Another invention made to solve the above problems is as follows:
It is a touch panel provided with a glass substrate and the said hard coat film stuck by the adhesion layer on the surface and / or back surface of this glass substrate.

  Since the hard coat film includes a base material layer, a hard coat layer, and an adhesive layer, by sticking the adhesive layer to the back surface of the glass substrate, even when the glass substrate is damaged, These pieces can be effectively prevented from scattering. In addition, the touch panel has a hard coat layer laminated on one side of the base layer of the hard coat film, so it can improve the damage prevention function during manufacturing and transportation, and also improve ease of handling. Can be made. Since the inner surface retardation value (Ro) and the thickness direction retardation value (Rth) of the hard coat film are in a predetermined range, the touch panel can prevent the possibility of hindering the optical functions of other optical members. it can.
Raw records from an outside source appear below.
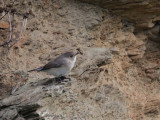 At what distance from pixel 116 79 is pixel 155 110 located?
52.4 inches

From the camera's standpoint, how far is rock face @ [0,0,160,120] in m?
4.43

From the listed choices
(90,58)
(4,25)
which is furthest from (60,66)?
(4,25)

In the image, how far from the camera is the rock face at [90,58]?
4.43 meters

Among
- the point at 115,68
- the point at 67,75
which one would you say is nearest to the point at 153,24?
the point at 115,68

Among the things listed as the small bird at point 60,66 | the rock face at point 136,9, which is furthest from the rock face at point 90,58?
the small bird at point 60,66

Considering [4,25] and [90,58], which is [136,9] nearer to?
[90,58]

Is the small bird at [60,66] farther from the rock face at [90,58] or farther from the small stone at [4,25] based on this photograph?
the small stone at [4,25]

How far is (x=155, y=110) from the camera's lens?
6387mm

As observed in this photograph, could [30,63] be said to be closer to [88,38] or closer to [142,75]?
[88,38]

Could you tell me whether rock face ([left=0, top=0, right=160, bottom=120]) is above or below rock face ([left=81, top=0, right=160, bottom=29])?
below

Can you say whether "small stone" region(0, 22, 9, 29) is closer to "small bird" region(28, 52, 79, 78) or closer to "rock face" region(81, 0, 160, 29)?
"small bird" region(28, 52, 79, 78)

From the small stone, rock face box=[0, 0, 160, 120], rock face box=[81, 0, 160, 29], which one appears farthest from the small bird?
rock face box=[81, 0, 160, 29]

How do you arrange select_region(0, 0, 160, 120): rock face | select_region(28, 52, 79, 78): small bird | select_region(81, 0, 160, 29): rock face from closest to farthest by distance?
select_region(0, 0, 160, 120): rock face, select_region(28, 52, 79, 78): small bird, select_region(81, 0, 160, 29): rock face

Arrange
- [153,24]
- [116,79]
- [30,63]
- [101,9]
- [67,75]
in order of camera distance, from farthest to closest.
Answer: [153,24]
[101,9]
[116,79]
[30,63]
[67,75] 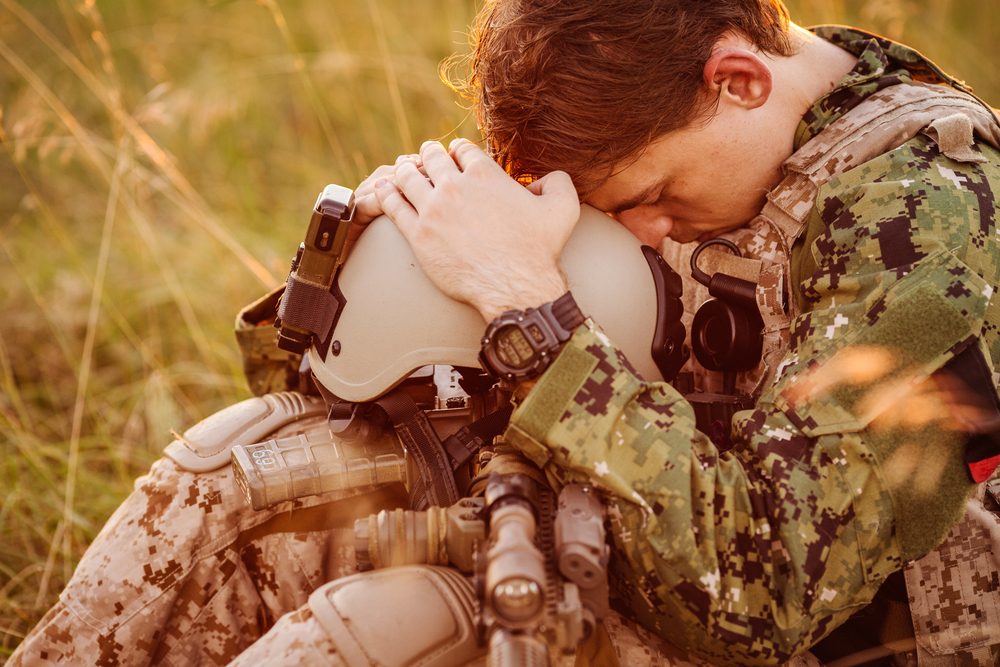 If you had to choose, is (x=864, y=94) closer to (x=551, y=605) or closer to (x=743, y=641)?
(x=743, y=641)

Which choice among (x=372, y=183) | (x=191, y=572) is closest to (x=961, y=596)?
(x=372, y=183)

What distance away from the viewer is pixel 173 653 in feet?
7.52

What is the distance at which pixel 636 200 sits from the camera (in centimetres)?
245

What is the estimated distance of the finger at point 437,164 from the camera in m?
2.25

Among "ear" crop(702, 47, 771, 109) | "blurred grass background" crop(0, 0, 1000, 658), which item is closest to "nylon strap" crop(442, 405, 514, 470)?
"ear" crop(702, 47, 771, 109)

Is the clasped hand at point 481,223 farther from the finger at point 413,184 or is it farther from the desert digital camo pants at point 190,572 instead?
the desert digital camo pants at point 190,572

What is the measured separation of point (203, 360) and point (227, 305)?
31 centimetres

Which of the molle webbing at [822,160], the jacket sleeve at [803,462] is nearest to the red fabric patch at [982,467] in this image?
the jacket sleeve at [803,462]

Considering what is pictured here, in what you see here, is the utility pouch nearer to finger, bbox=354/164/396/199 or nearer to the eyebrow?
finger, bbox=354/164/396/199

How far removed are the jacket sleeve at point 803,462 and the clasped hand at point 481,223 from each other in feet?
0.79

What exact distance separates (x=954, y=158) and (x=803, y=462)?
81 centimetres

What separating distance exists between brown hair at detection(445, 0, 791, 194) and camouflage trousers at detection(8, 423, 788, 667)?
1081 millimetres

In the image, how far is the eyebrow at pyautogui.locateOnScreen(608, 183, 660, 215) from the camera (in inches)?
94.9

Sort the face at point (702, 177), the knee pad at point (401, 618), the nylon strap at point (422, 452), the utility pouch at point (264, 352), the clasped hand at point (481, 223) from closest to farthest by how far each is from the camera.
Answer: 1. the knee pad at point (401, 618)
2. the clasped hand at point (481, 223)
3. the nylon strap at point (422, 452)
4. the face at point (702, 177)
5. the utility pouch at point (264, 352) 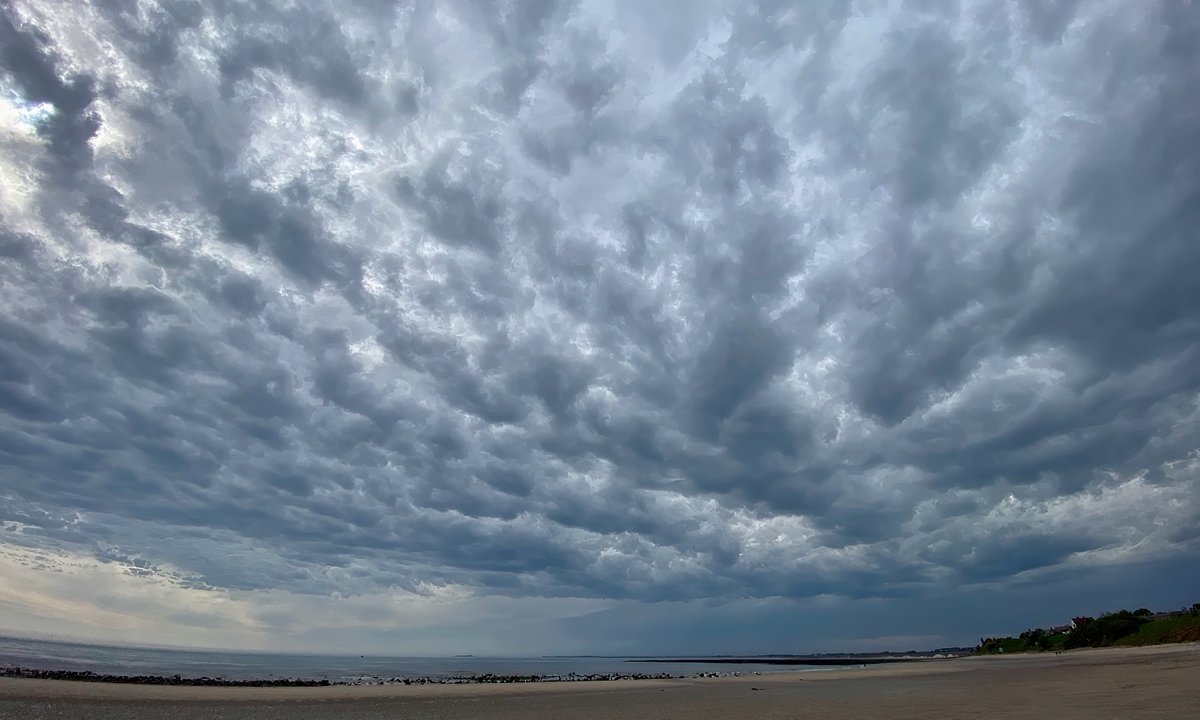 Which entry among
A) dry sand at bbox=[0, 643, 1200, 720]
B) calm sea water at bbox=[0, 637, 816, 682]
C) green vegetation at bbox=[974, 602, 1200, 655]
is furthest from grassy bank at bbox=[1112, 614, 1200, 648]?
calm sea water at bbox=[0, 637, 816, 682]

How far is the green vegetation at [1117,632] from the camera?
63062 mm

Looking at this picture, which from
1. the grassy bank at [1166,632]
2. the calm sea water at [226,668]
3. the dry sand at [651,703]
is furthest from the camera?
the calm sea water at [226,668]

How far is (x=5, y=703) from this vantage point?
1253 inches

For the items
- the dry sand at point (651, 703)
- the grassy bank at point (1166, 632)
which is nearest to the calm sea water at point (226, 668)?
the dry sand at point (651, 703)

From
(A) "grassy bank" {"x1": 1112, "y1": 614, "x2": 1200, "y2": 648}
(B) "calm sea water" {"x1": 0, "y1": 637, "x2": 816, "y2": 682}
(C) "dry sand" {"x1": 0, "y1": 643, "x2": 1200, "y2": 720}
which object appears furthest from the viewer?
(B) "calm sea water" {"x1": 0, "y1": 637, "x2": 816, "y2": 682}

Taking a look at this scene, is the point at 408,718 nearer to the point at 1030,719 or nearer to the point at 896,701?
the point at 896,701

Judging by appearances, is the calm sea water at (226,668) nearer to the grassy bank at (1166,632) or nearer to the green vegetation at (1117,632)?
the green vegetation at (1117,632)

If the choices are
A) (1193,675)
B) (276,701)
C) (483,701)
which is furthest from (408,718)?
(1193,675)

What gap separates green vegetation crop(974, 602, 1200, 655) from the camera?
207 feet

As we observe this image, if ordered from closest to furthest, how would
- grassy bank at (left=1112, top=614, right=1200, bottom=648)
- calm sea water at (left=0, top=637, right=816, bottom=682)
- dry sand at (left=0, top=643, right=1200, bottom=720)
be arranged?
dry sand at (left=0, top=643, right=1200, bottom=720) < grassy bank at (left=1112, top=614, right=1200, bottom=648) < calm sea water at (left=0, top=637, right=816, bottom=682)

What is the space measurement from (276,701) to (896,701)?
121ft

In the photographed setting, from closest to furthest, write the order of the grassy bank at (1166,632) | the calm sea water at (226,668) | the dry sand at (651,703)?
the dry sand at (651,703), the grassy bank at (1166,632), the calm sea water at (226,668)

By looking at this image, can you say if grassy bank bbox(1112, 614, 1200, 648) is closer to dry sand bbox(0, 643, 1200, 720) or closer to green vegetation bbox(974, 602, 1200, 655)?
green vegetation bbox(974, 602, 1200, 655)

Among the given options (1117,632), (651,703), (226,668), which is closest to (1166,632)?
(1117,632) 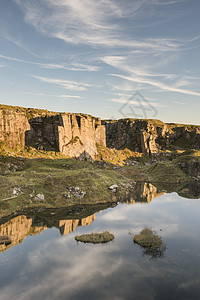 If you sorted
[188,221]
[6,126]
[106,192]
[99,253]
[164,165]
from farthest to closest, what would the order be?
[164,165] < [6,126] < [106,192] < [188,221] < [99,253]

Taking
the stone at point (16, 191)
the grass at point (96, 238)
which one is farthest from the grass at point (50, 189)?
the grass at point (96, 238)

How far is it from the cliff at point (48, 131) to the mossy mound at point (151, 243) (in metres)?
90.5

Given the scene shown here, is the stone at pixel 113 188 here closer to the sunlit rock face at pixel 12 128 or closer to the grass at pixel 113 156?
the sunlit rock face at pixel 12 128

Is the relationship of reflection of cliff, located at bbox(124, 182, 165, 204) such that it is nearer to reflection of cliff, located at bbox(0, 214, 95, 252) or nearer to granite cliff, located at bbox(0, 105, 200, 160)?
reflection of cliff, located at bbox(0, 214, 95, 252)

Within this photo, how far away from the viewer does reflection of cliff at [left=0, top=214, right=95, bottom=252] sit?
41.8 meters

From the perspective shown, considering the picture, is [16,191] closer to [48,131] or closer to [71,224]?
[71,224]

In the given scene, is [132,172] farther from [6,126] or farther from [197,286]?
[197,286]

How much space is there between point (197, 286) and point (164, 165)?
10085 cm

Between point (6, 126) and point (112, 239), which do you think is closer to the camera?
point (112, 239)

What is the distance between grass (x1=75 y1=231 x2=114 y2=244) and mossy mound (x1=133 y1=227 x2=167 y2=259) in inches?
213

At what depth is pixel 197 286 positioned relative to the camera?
87.8 ft

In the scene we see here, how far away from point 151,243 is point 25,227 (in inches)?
1109

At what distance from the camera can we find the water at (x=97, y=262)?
2584cm

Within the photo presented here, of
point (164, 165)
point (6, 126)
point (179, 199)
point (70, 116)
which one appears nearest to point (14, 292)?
point (179, 199)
  In the present invention, “in-plane retardation value (Ro)” is a value obtained by Ro = (Ny−Nx) × d, and “thickness direction retardation value (Rth)” is Rth = ((Nx + Ny). ) / 2−Nz) × d. Here, Nx is the refractive index of the fast axis of the film (axis parallel to the plane direction), and Ny is the refractive index of the slow axis of the film (axis parallel to the plane direction and perpendicular to the fast axis). Nz is the refractive index of the film in the thickness direction (direction perpendicular to the surface direction), and d is the thickness of the film.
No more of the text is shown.